These dogs were in the zenith of their fame forty years ago. The owner of Old Crab was a native of Halifax, and a joiner by trade. He worked at Oldham for some time as a journeyman, and then removed to Manchester, where he kept a public house. Whether he got Crab at Oldham or Manchester I have not been able to ascertain. He had him when in Manchester, and from there sent him several times to Halifax on a visit to Kitty. The last visit would be about 1850.

Crab was a dog of about eight or nine pounds weight, with a good Terrier head and eye, but with a long body, resembling the Scotch Terrier. The legs and muzzle only were tanned, and the hair on the body would be about three or four inches in length. He has stood for years in a case in a room of the Westgate Hotel, a public house which h]s owner kept when he returned to his native town, where, I believe, the dog may be seen to-day.
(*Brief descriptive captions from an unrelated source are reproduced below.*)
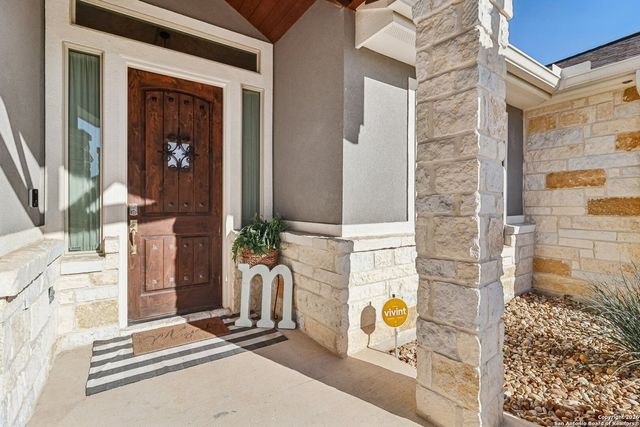 132 Fairway Dr, Floresville, TX 78114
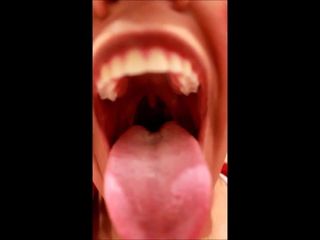 Língua longa, boca perfeita de garganta grande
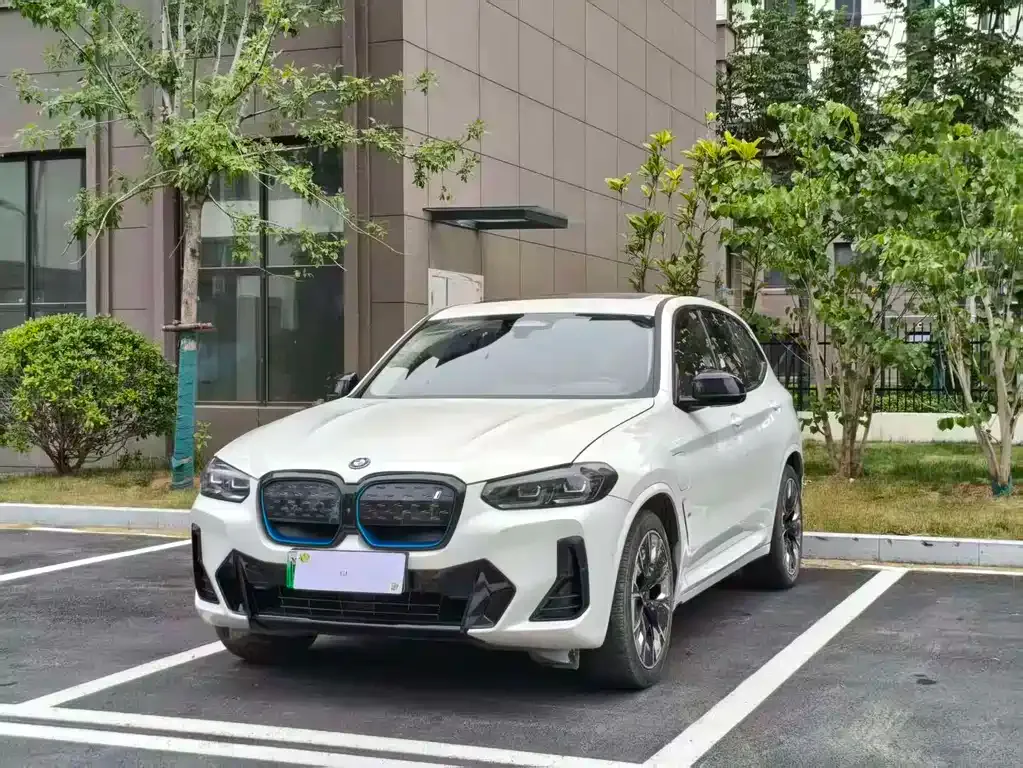 BMW iX3 — фото 1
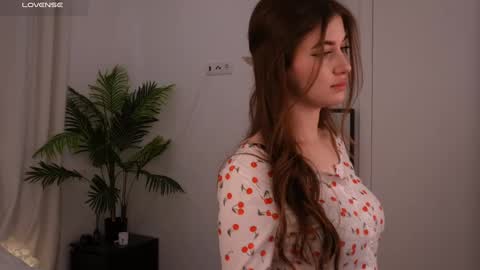 Snapshot of lilly_colins chatting on 01-18-25, 05:59 Lilly Colins online show from 01-18-25, 05:59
Kitty was a bitch different in type from Crab. She was a drop-eared Skye, with plenty of coat of a blue shade, but destitute of tan on any part of the body. Like Crab, she had no pedigree. She was originally stolen from Manchester and sent to a man named Jackson, a saddler in Huddersfield, who, when it became known that a five-pound reward was offered in Manchester for her recovery, sent her to a person named Harrison, then a waiter at the White Swan Hotel, Halifax, to escape detection; and from Harrison she passed into the hands of Mr. J. Kershaw, of Beshop Blaise, a public house which once stood on the Old North Bridge, Halifax. Prior to 1851 Kitty had six litters, all of which, I believe, were by Crab. In these six litters she had thirty-six puppies, Twenty-eight of which were dogs, and served to stock the district with rising sires. After 1851, when she passed into the possession of Mr. F. Jaggar, she had forty-four puppies, making a total of eighty.
Mr. Whittam's bitch, whose name I can not get to know, was an old English Terrier, with tanned head, ears, and legs, and a sort of grizzle back. She was built on the lines of speed. Like the others, she had no pedigree. She was sent when a puppy to the late Bernard Hartley, of Allen Gate, Halifax, by a friend residing in Scotland. When Mr. Hartley had got tired of her, he gave her to his coachman, Mason, who in turn gave her to his friend Whittam, and Whittam used her years for breeding purposes. Although this bitch came from Scotland, it is believed the parents were from this district.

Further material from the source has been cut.